PROVIDED INFORMATION:
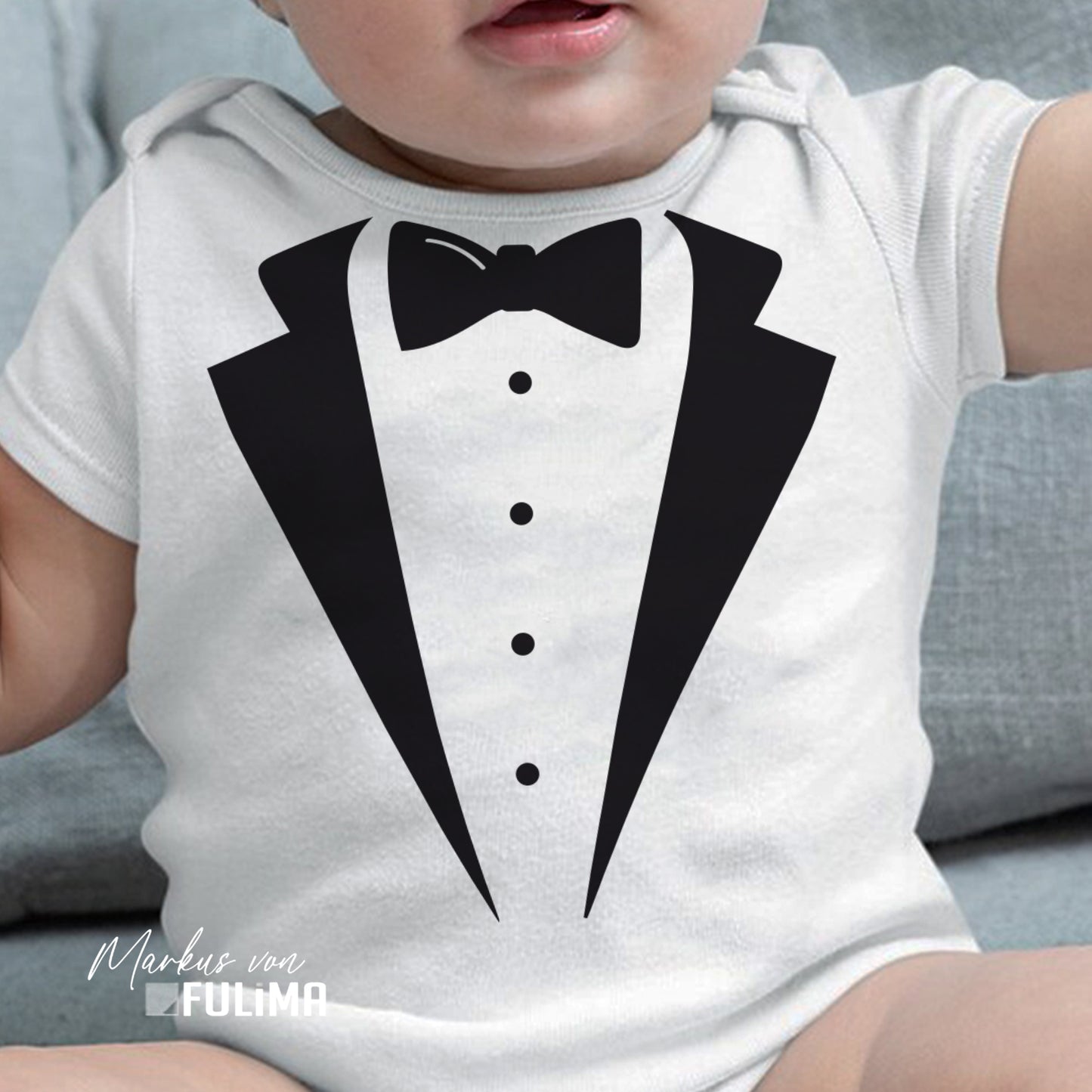 Babybody - Anzug mit Fliege Design - FULiMA®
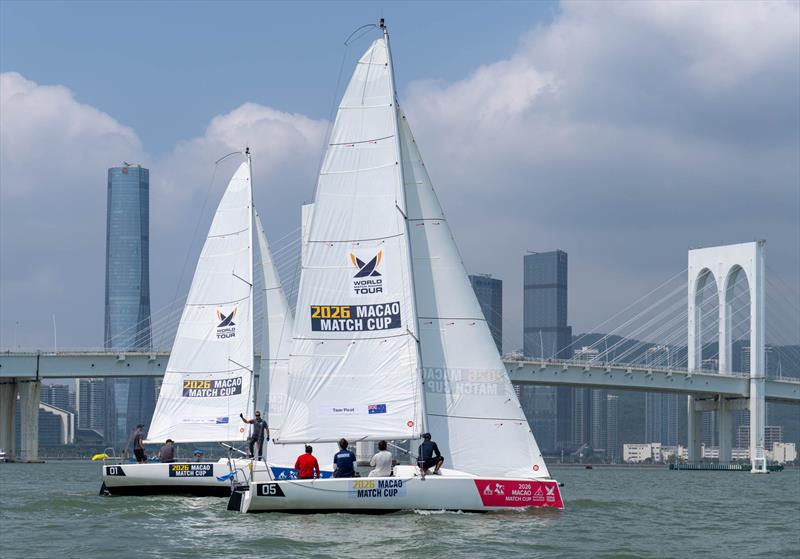 2026 Macao Match Cup Day 1: Nick Egnot-Johnson (NZL) and Tim Picot (AUS) - photo © Ian Roman / WMRT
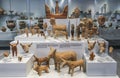 Artefacts found during archaeological excavations in Agia Triada, a Minoan settlement in Greece in the South of Crete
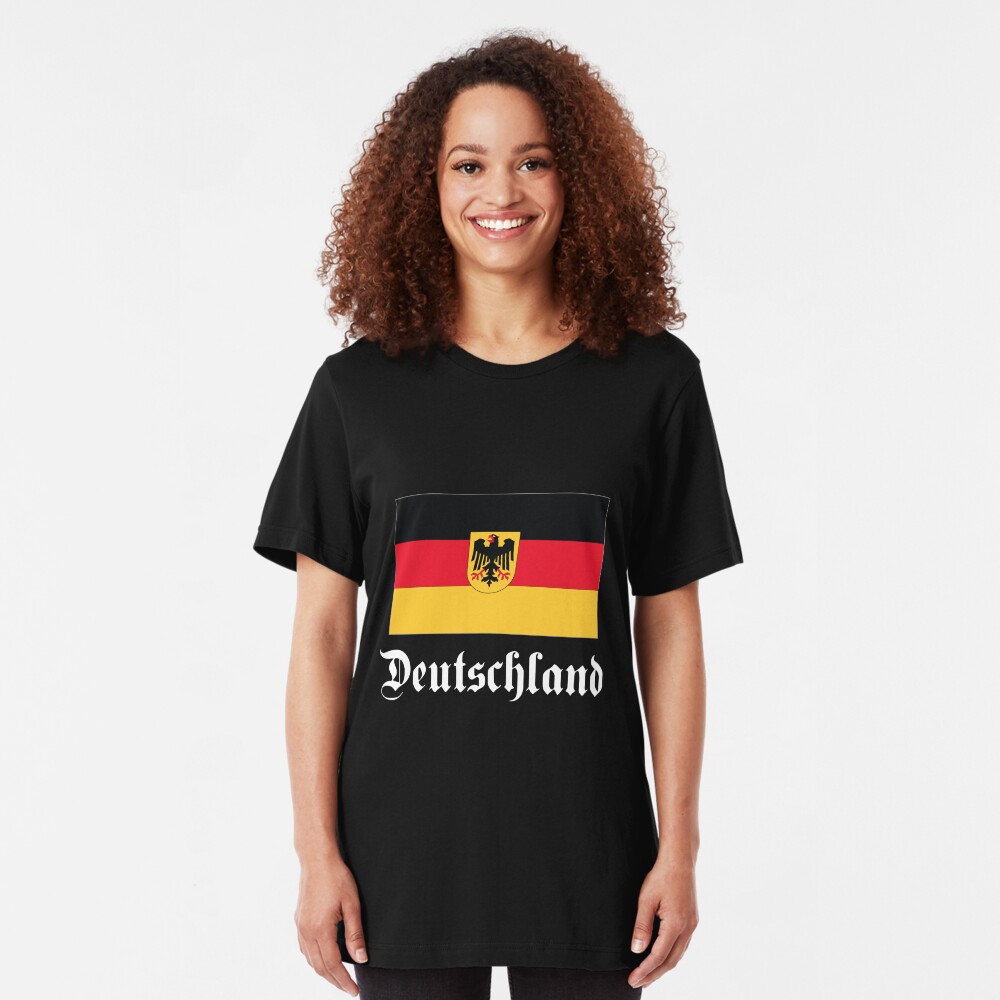 Deutschland - dark tees Slim Fit T-Shirt
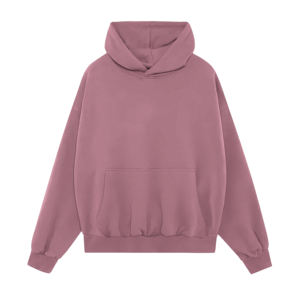 Italian-Crafted <b>Men's</b> <b>Hoodie</b> With Plush Feel Warm And Stylish Choice For Seasonal Wear Or Casual Outings <b>Pink</b> Color - Product Image 1
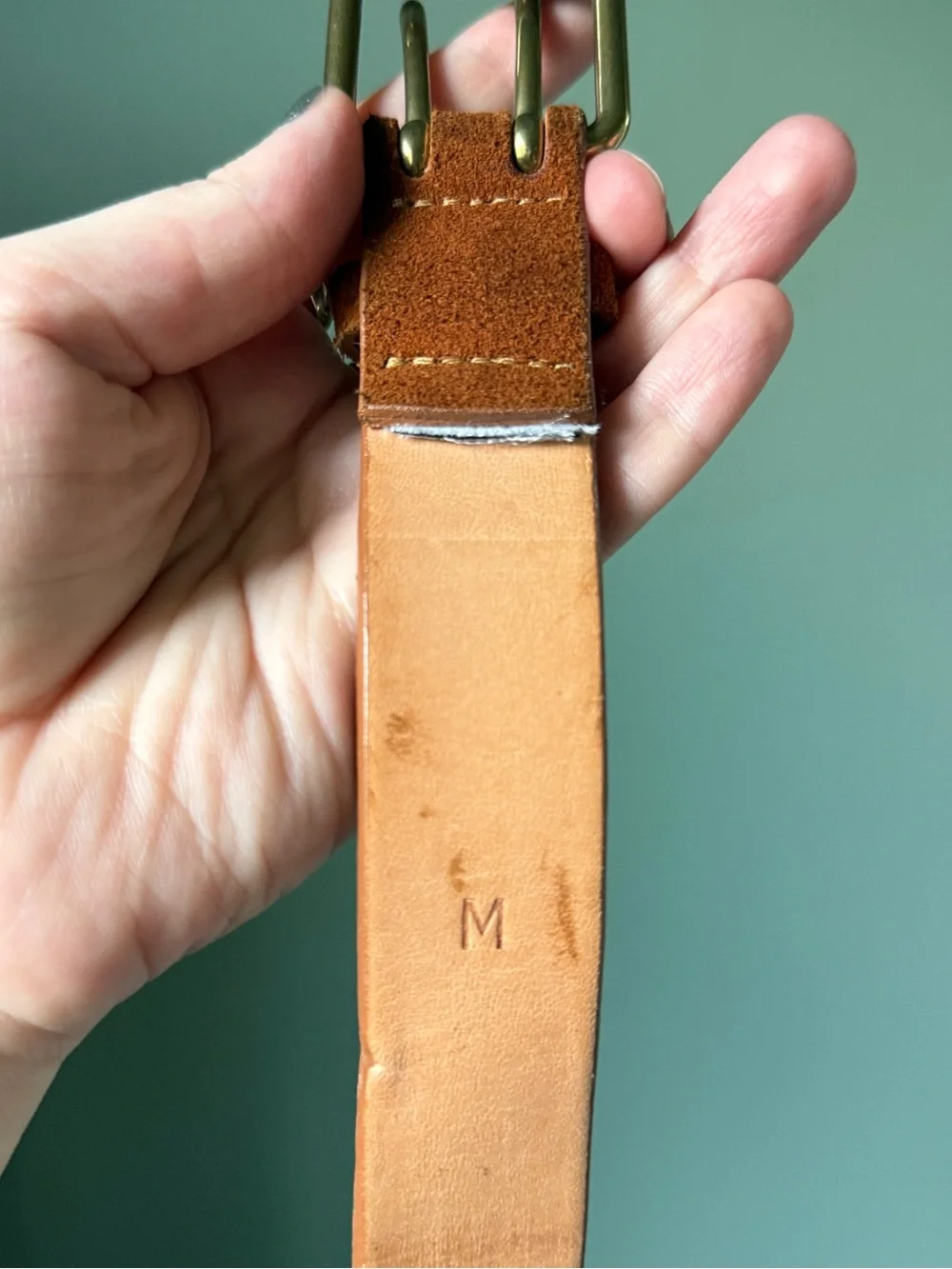 J. Crew Leather Belt - Brown - Size M
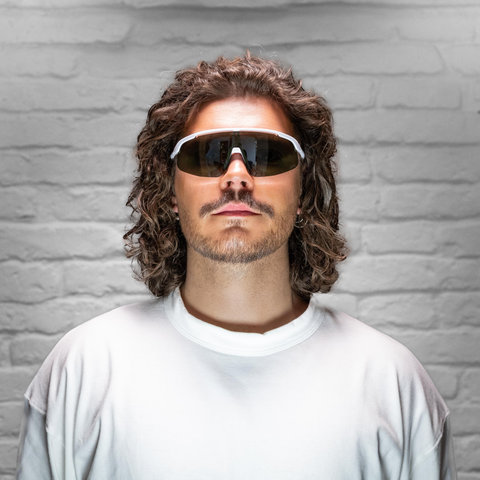 Alpina Turbo Pro S Q-Lite Sports Glasses - white gloss | mirror silver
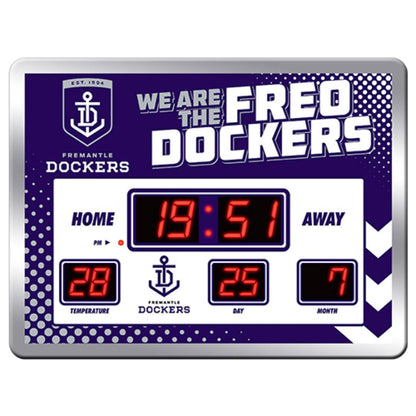 AFL Scoreboard LED Clock clock Fremantle Dockers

ASSIGNMENT: Your copy should consist only of the lines from the line holding "Deutschland - dark tees Slim Fit T-Shirt" through the final line of the listing above, both included, with all pictures omitted.

TASK ANSWER:
 Deutschland - dark tees Slim Fit T-Shirt
 Italian-Crafted <b>Men's</b> <b>Hoodie</b> With Plush Feel Warm And Stylish Choice For Seasonal Wear Or Casual Outings <b>Pink</b> Color - Product Image 1
 J. Crew Leather Belt - Brown - Size M
 Alpina Turbo Pro S Q-Lite Sports Glasses - white gloss | mirror silver
 AFL Scoreboard LED Clock clock Fremantle Dockers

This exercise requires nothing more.